The Puritans, they would have done away with all of that religious nonsense all together.  Besides a regular weekly gatherings, they would have instead replaced those religious holidays with two very simple acts of public worship.  On the one hand, days of feasting, or days of fasting I should say.  Amazing what difference the letter “e” can make.  On the one hand days of fasting, and on the other hand days of thanksgiving, public.  When things were especially hard for the community, especially difficult, it felt like maybe this is a manifestation for the judgment of God on us for some sin, they would come together and fast and pray and entreat God’s mercy.  When things were especially prosperous and there was a season of God’s grace, it was abundant, they wouldn’t neglect to come together to give public thanks.   

That’s not a bad approach.  I love that God-centered simplicity of that Puritan mindset, that Puritan way of thinking, don’t you?  Every occasion provides an opportunity for us to seek God, even to give him thanks.  Even in the hard times, we remember the sovereign kindness of our God, that he purchased for us in our salvation.  And that brings us to a third mark of Christian gratitude.  Third mark, it’s the subject of Christian gratitude.    What’s the subject of Christian gratitude?  What causes us to give thanks to God?  For what reasons?  And notice Ephesians 5:20, “Giving thanks always and for,” what?  “Everything,” right?   For everything! “Always for everything,” those are pretty comprehensive terms.  It doesn’t leave anything out. 

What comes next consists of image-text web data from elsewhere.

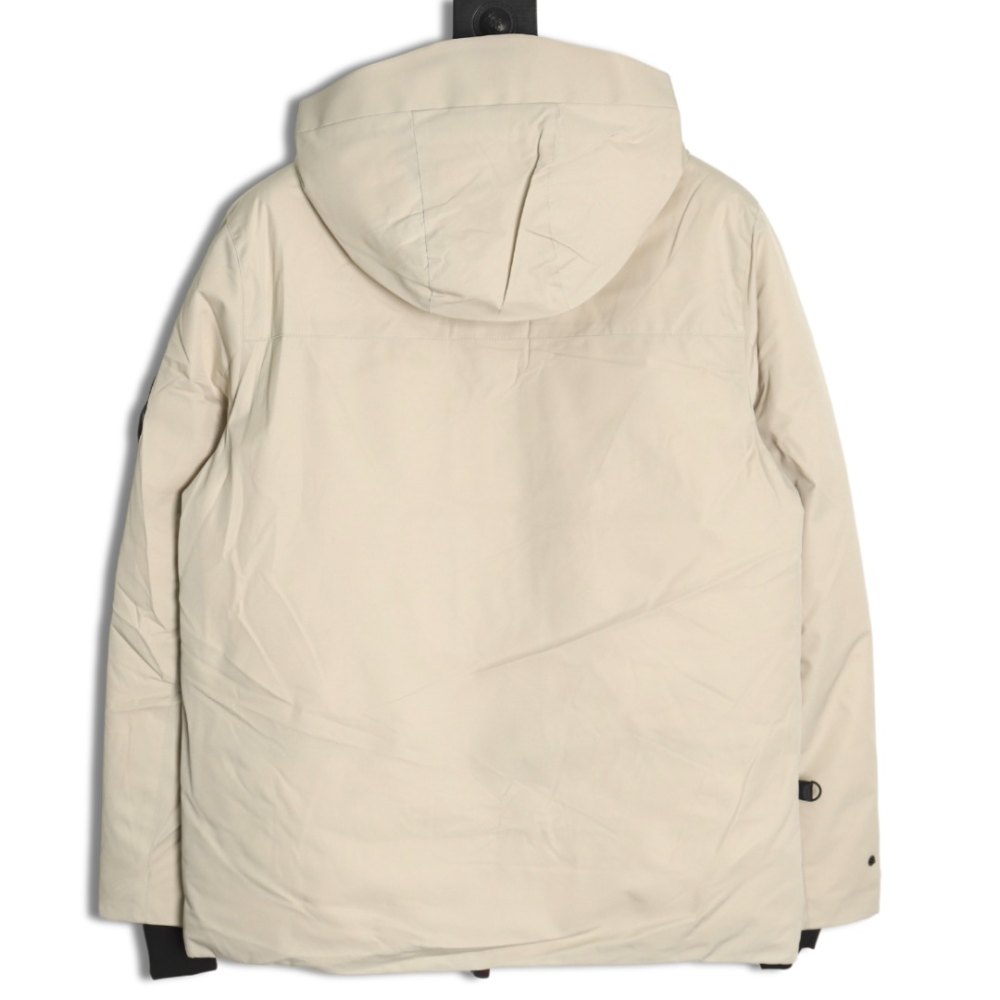 DDMonc*er/Mouth 24Fw Rolling Stone Big Tongue Co-branded Down Jacket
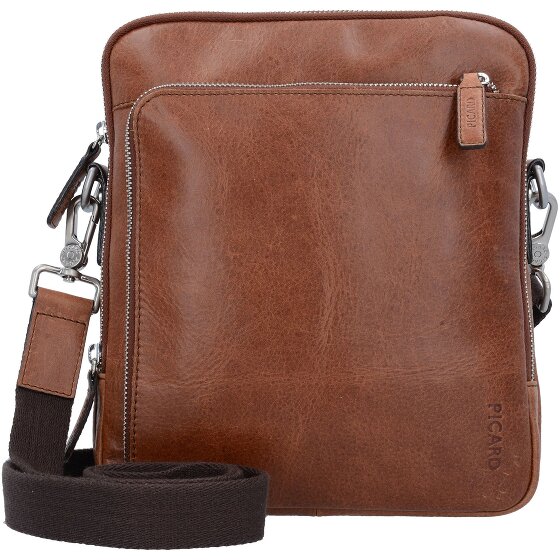 Picard Buddy sac à bandoulière en cuir 23 cm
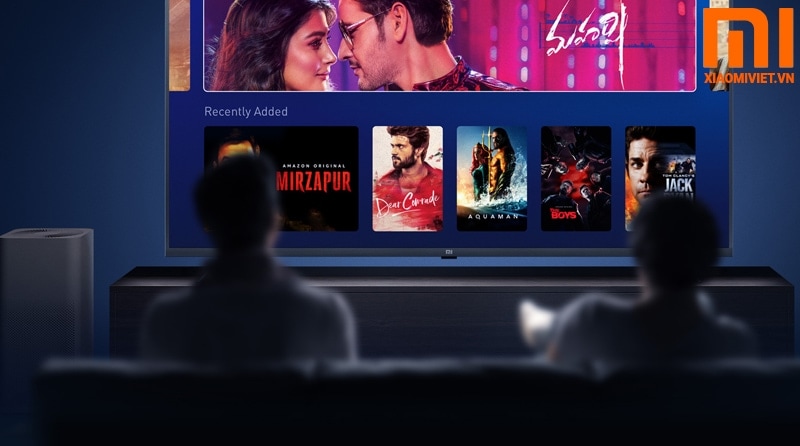 Tivi Thông Minh Xiaomi Mi TV4A 65-inch Tivi Thông Minh Xiaomi Mi TV4A 65-inch
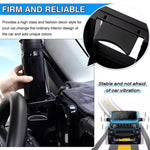 Per Suzuki Jimny JB74 / JB64 2018 - Portabicchiere per bocchetta dell'aria dell'auto, Air Outlet Water Cup Holder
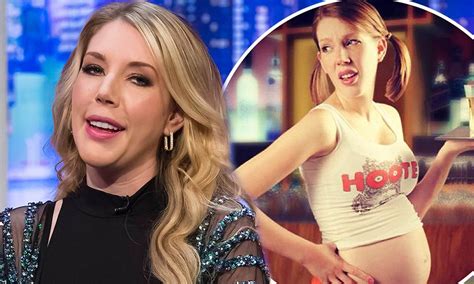 The Duchess Star Katherine Ryan Discusses Her Cosmetic Surgery In An Inspiring Way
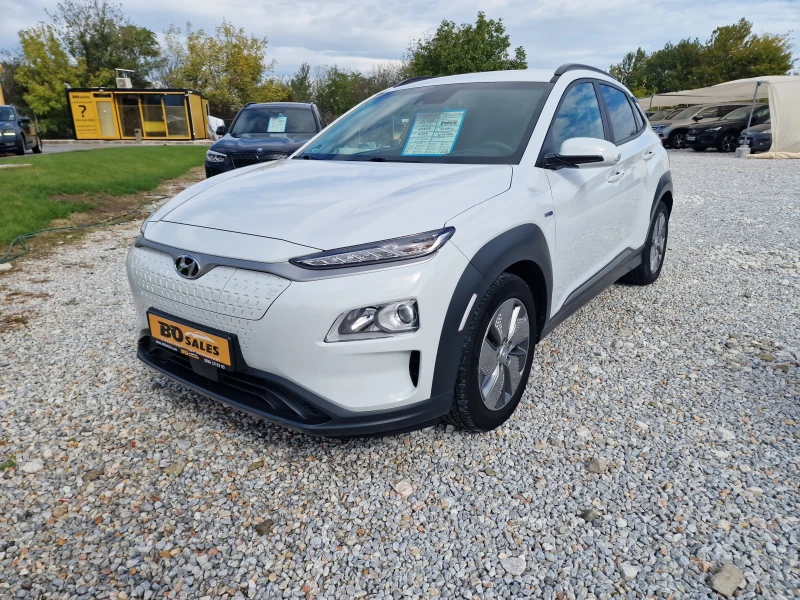 Hyundai Kona 64 KWH - 34000 лв. / 17383.92 € - 82103456 1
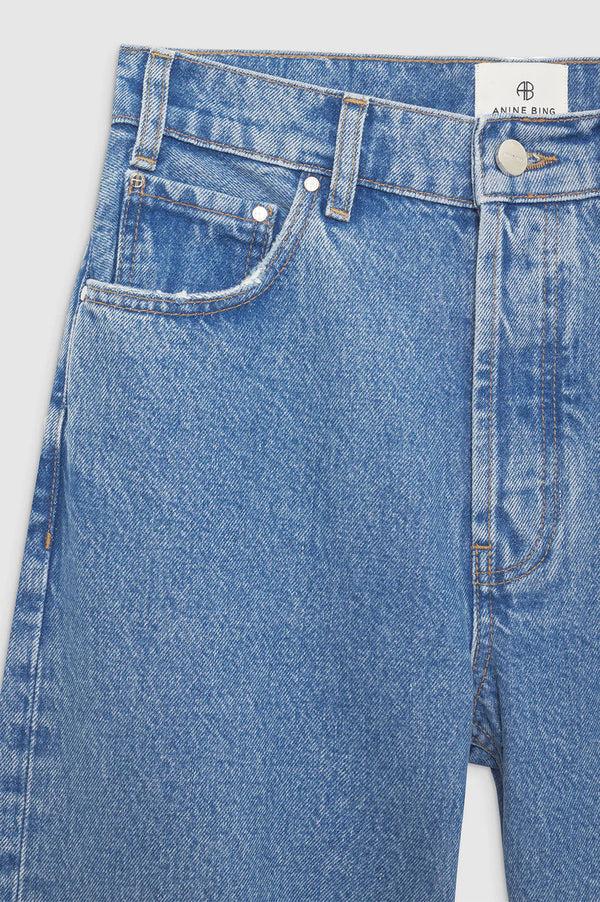 Anissa Kermiche Gavin Jean - Clean Blue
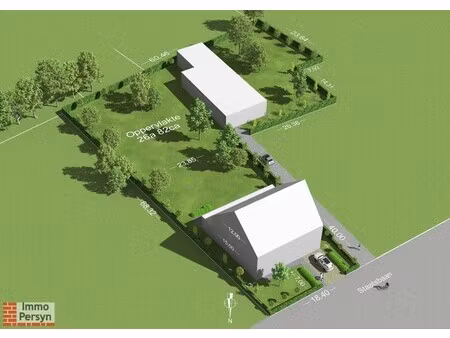 grond te koop in bekkevoort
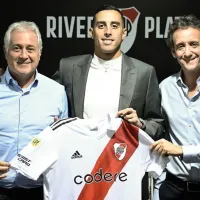 River presentó a Funes Mori con una PICANTE chicana a Boca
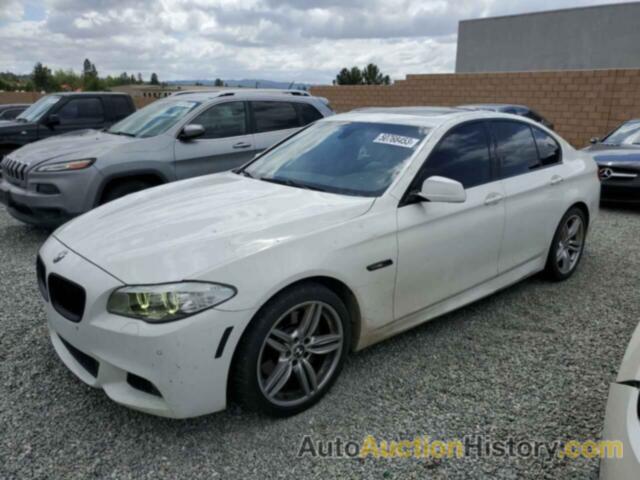2013 BMW 5 SERIES I, WBAFR7C5XDC821303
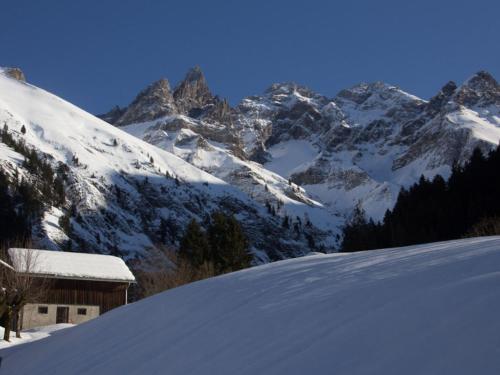 Lovely Apartment In Oberstdorf With A Sauna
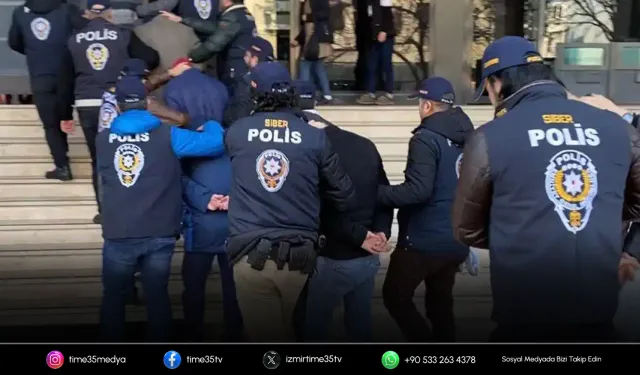 İzmir dahil 17 ilde yasa dışı bahis operasyonu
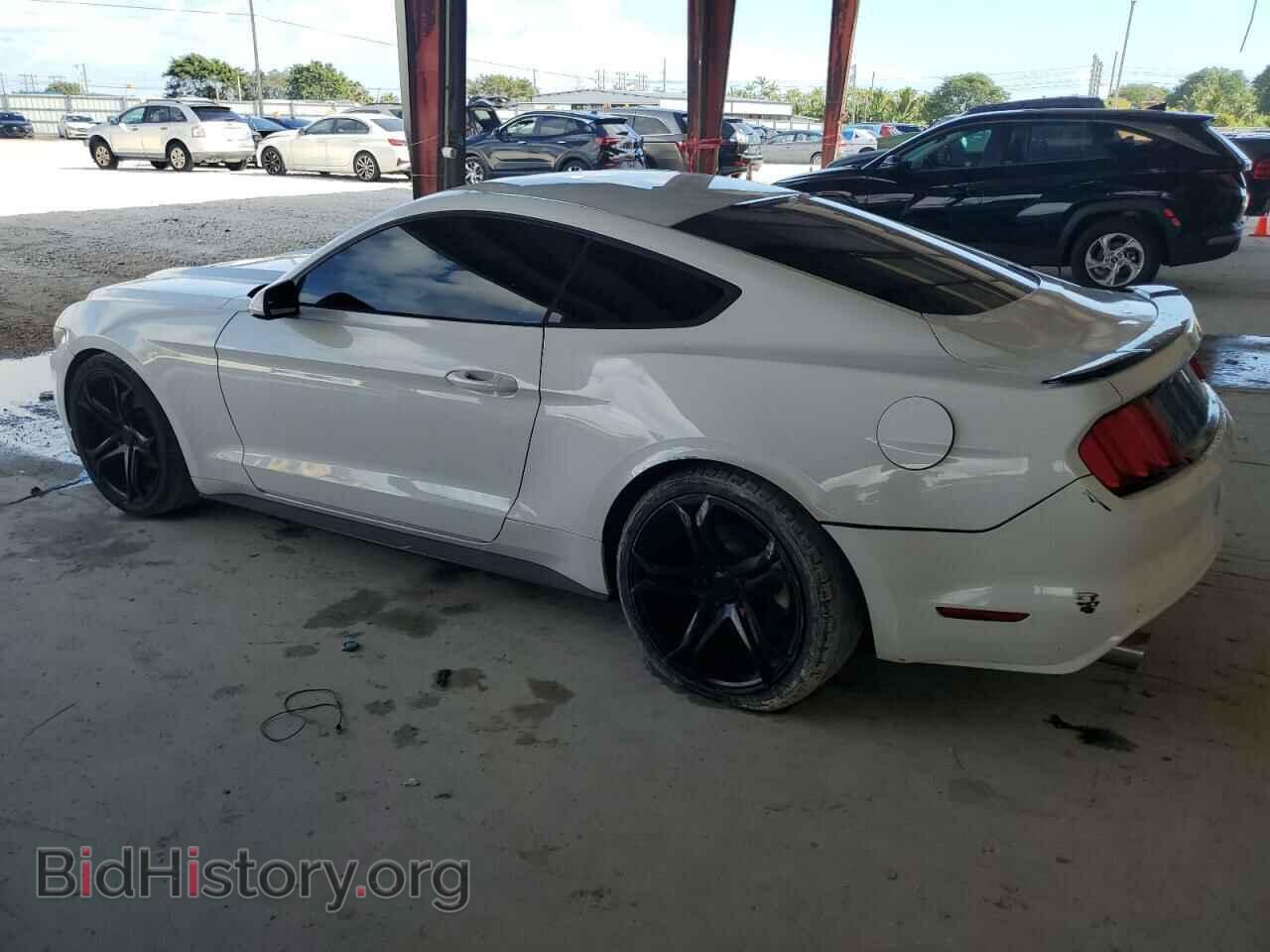 2016 FORD ALL Models - VIN: 1FA6P8AM9G5289162 - Фото 2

As we just said, “always,” refers to the occasion of our gratitude.  But for “everything,” that refers to the circumstances of our gratitude, the circumstance.  We give thanks in all circumstances, in all situations, whether positive or negative.  In another place, Paul said the same thing, 1 Thessalonians 5:18, “Give thanks in all circumstances for this is the will of God in Christ Jesus for you.”  Listen, folks, this is a very significant distinctive of Christian gratitude, totally separate from the rest of the world.  At every occasion and in every circumstance, we give thanks.  That is something the world simply does not, simply cannot understand.   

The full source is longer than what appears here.